In particular, we have synthesized three different small series of bis-(α-bromoacryloylamidoarylidene) ketone derivatives, corresponding to the acyclic analogue 4a, the cyclic conjugates 4c–e, and finally the 4-piperidone derivatives 4f–h.
The three different series of cyclic ketones 4b and 4de were prepared with the aim of evaluating how the size of the ring influenced antiproliferative activity. By the synthesis of compound 4c, we evaluated the effect of the introduction of a small hydrophobic substituent, corresponding to a methyl group, at the 4-position of the cyclohexanone ring.
Hybrid compounds 4a–h were prepared by the procedure described in Scheme 1. The Claisen–Schmidt aldol condensation17 between 3-nitrobenzaldehyde or 4-nitrobenzaldehyde with the appropriate commercially available acetone, cyclic ketone or N-substituted 4-piperidone in the presence of lithium hydroxide monohydrate as base in ethanol led to the formation of the corresponding α,α-bis (3-nitrobenzylidene)ketones 5a–h or (1E,4E)-1,5-bis(4-nitrophenyl)penta-1,4-dien-3-one 5i in 65–73% yields. α,α-Bis-(aminobenzylidene) ketones 6a–i were generated from the corresponding nitro derivatives 5a–i by reduction with iron and ammonium chloride in a refluxing mixture of water and ethanol (1:4 v/v).
Scheme 1.
Reagents: (a) LiOH·H2O, cyclic/acyclic ketone, m-nitrobenzaldehyde for the synthesis of 5a–b, p-nitrobenzaldehyde for the synthesis of 5i, EtOH, rt, 18 h; (b) Fe, NH4Cl, H2O–EtOH, reflux, 2 h; (c) α-bromoacrylic acid, EDCI, HOBt, DMF, 18 h, rt.

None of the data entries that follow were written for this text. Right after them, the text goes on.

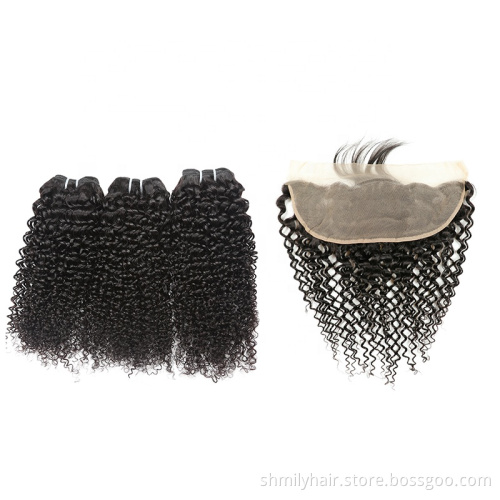 Unproccessed Virgin Hair Raw Cambodian Kinky Curly Hair Bundles Whosale Human Hair Vendor Eset Bundle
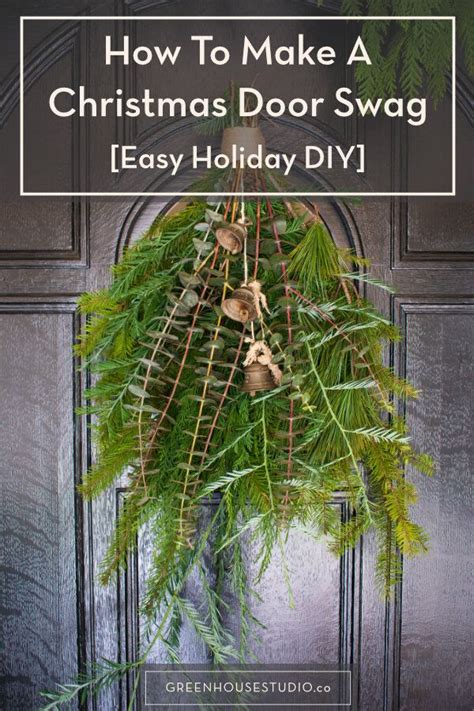 Diy Christmas Swags For Front Door Christmas Tree Lots Scandi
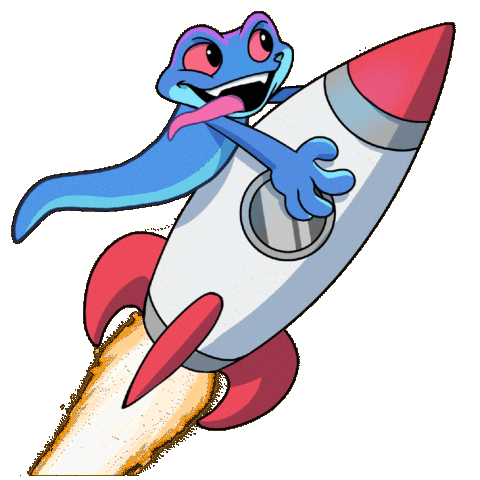 To The Moon Space Sticker by Snek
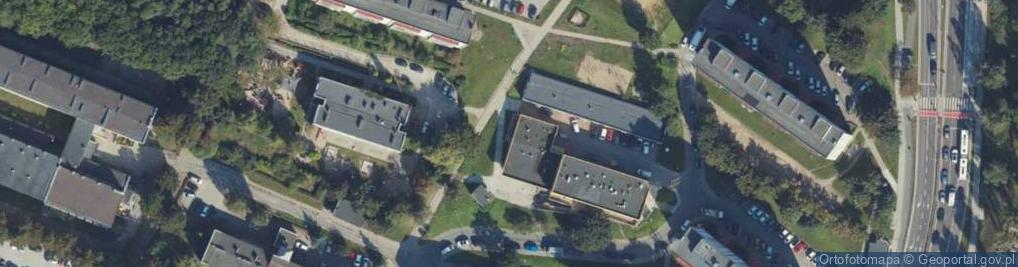 Zdjęcie satelitarne Paczkomat InPost GDY66M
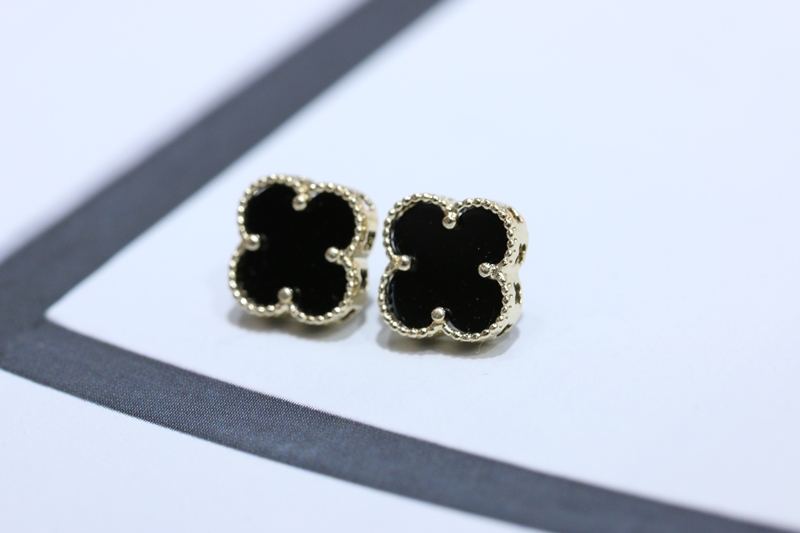 Clover 14K Earrings Onyx Mother-of-pearl 14k Luxur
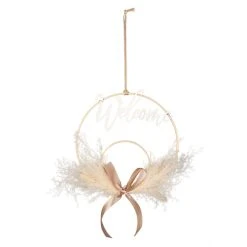 MICA Living Dekohänger - Ringe - Aus Holz - Ca. 26 X 1 X 30 Cm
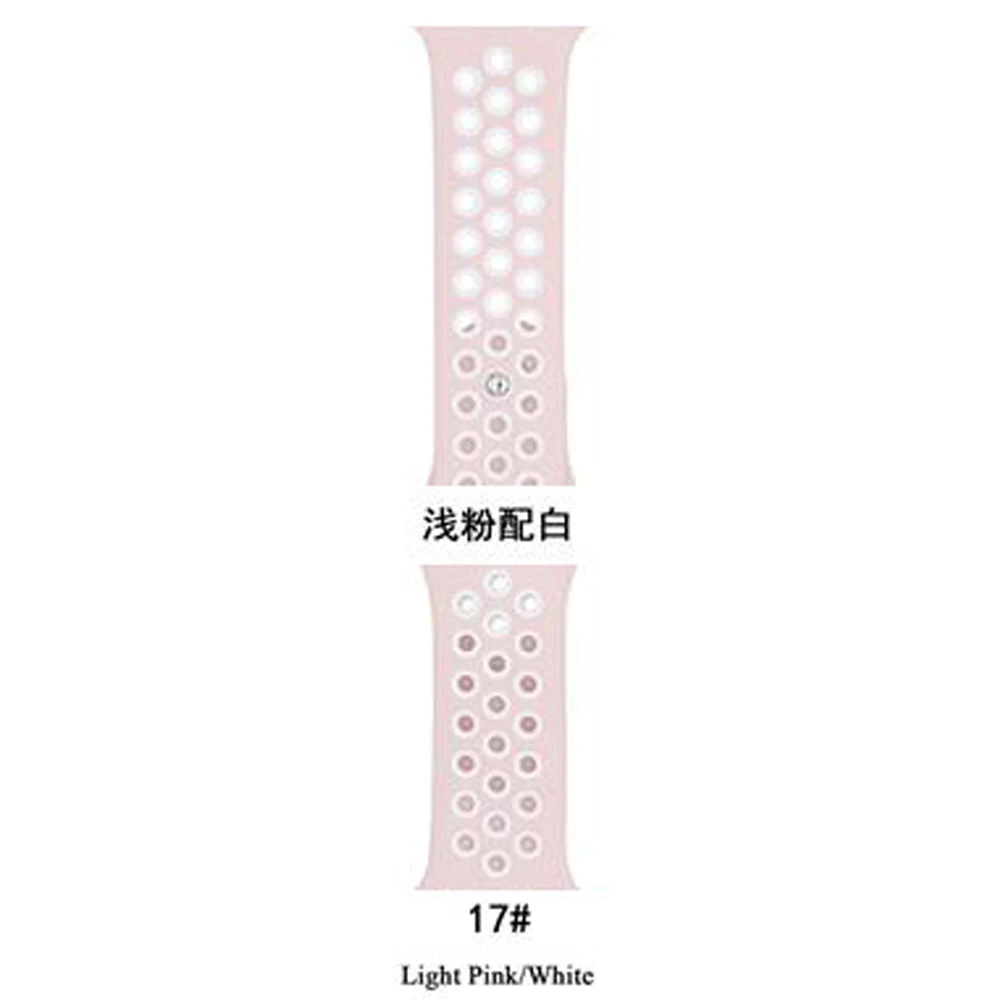 

ShanHai For Apple Watch Band 38mm 40mm 42mm 44mm Silicone Replacement Sport Strap For iWatch Series 5/4/3/2/1 Bands Women Men, Multi-color optional or customized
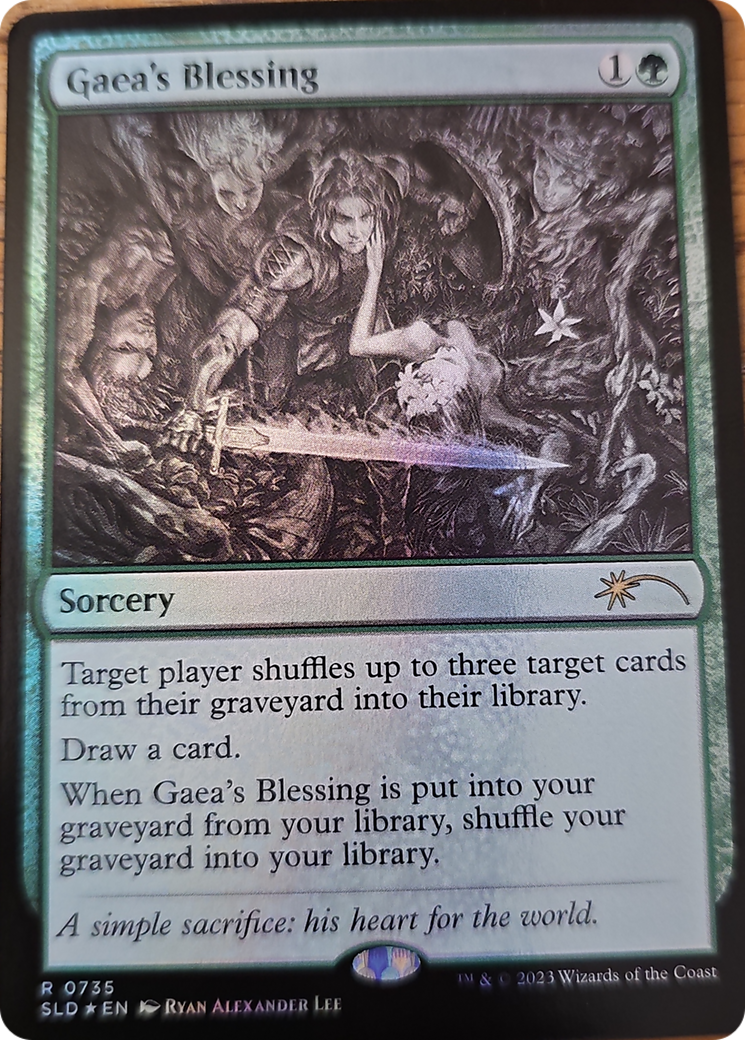 Gaea's Blessing (Sketch Showcase) [Secret Lair Drop Series] | Good Games Cannington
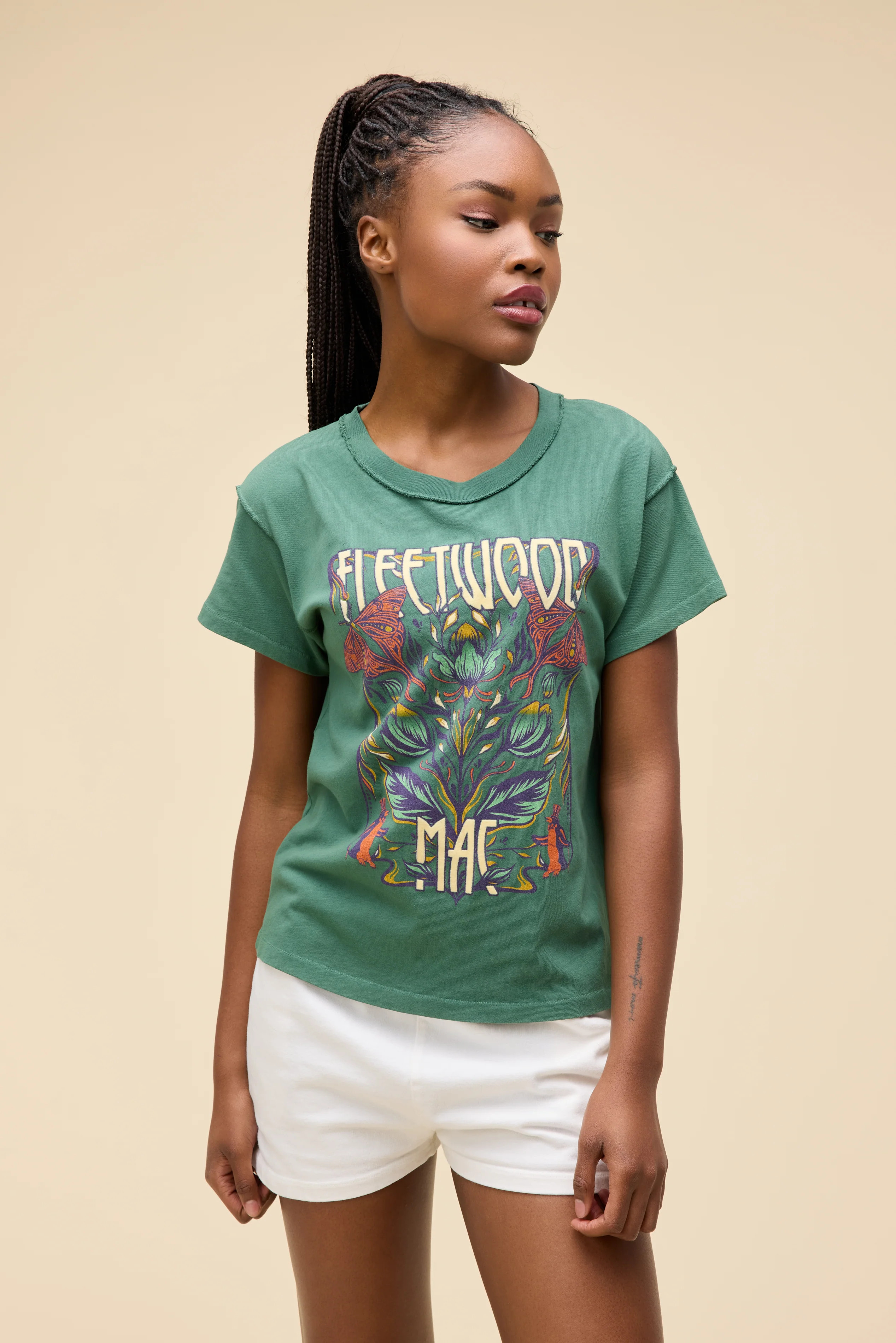 Fleetwood Mac Butterflies Reverse GF Tee | Daydreamer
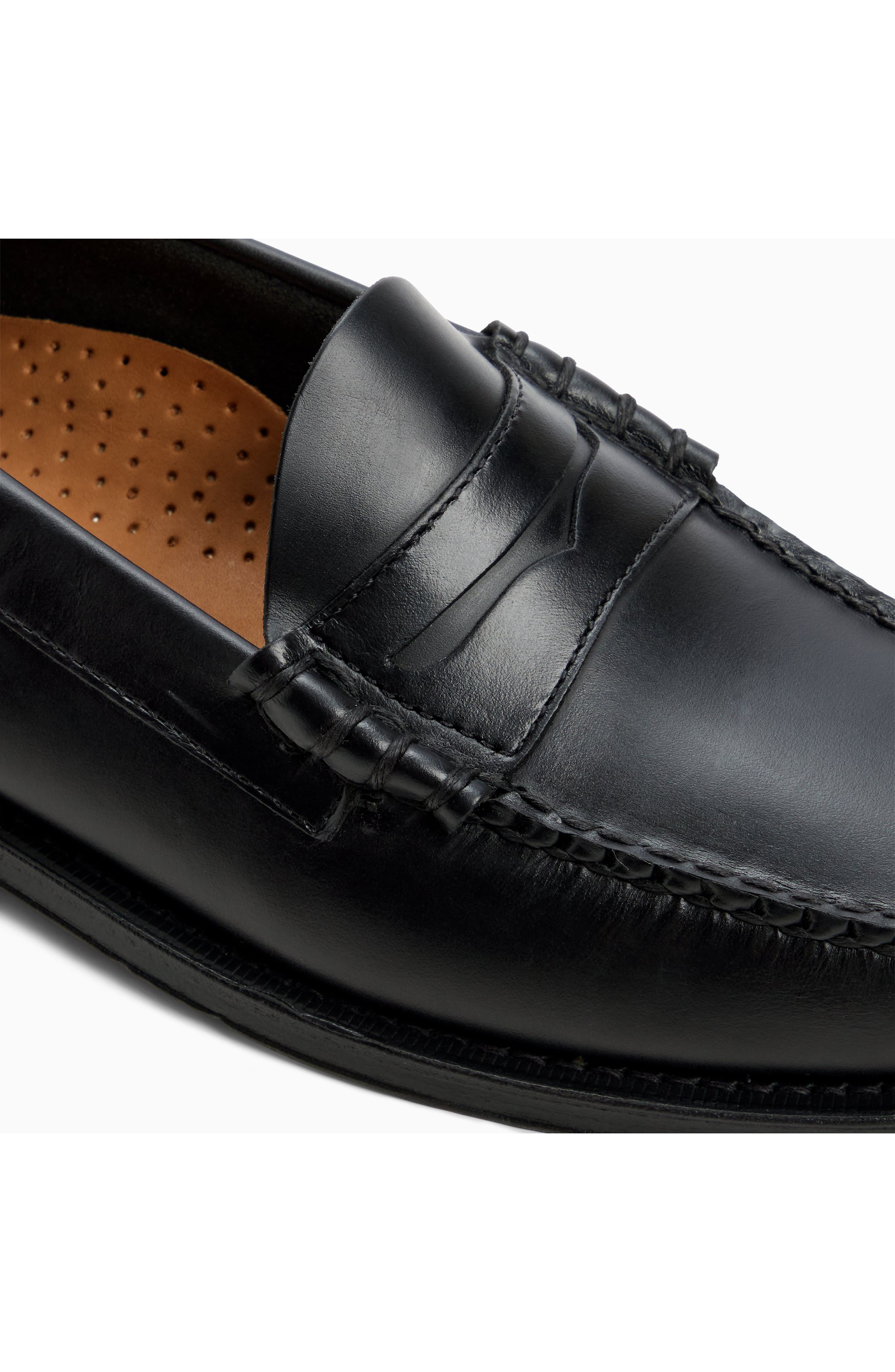 Larson Weejuns® Penny Loafer, Alternate, color, OPEN BLACK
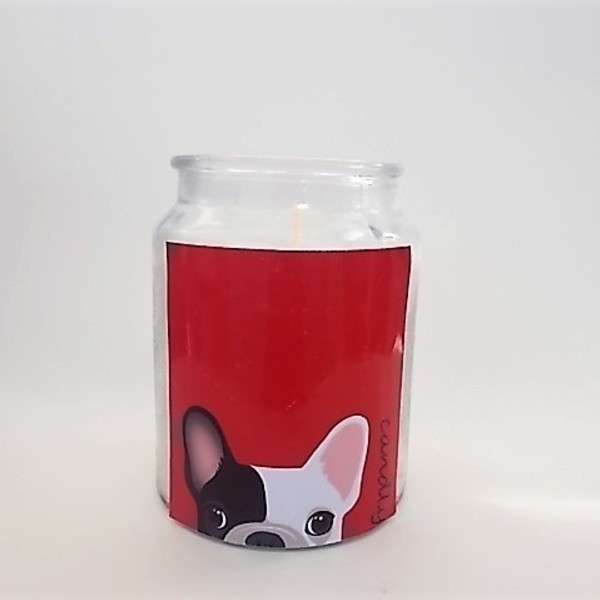 French Bulldog Candle Decor - γυαλί, gift idea, δώρα για άντρες, δώρα για γυναίκες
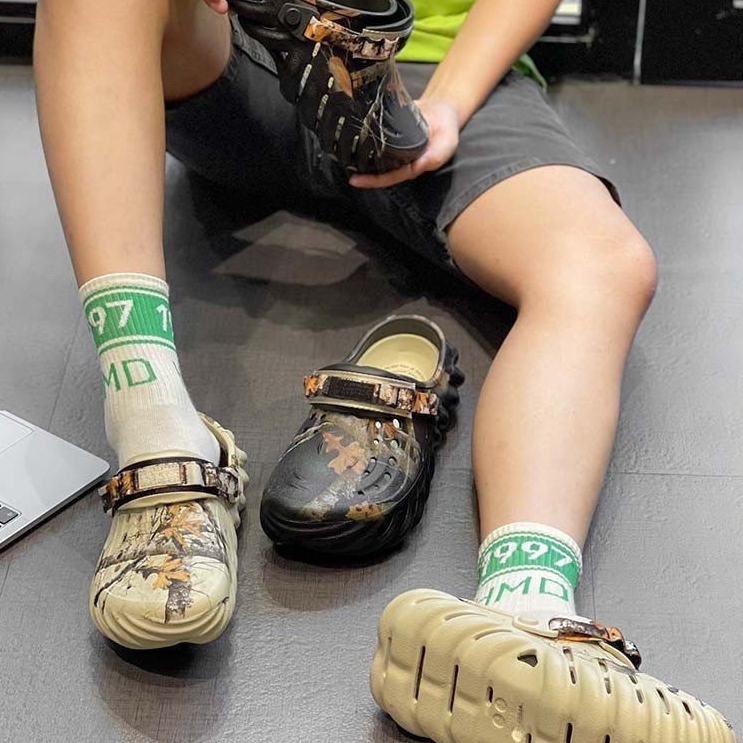 PECG - Dép Nam Nữ Sục cross Unisex Pollex Echo Clog Graphics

Finally, the hybrid compounds 4a–k were prepared in 50–62% yields by the condensation of α-bromoacrylic acid with bis-(3-anilinomethylidene) ketones 6a–h, respectively. This condensation was performed using an excess (4 equiv) of both 1-ethyl-3-[3-(dimethylamino)propyl]carbodiimide hydrochloride (EDCl) and 1-hydroxy-1,2,3-benzotriazole (1-HOBt) in dry DMF as solvent at room temperature and with identical reaction times (18 h).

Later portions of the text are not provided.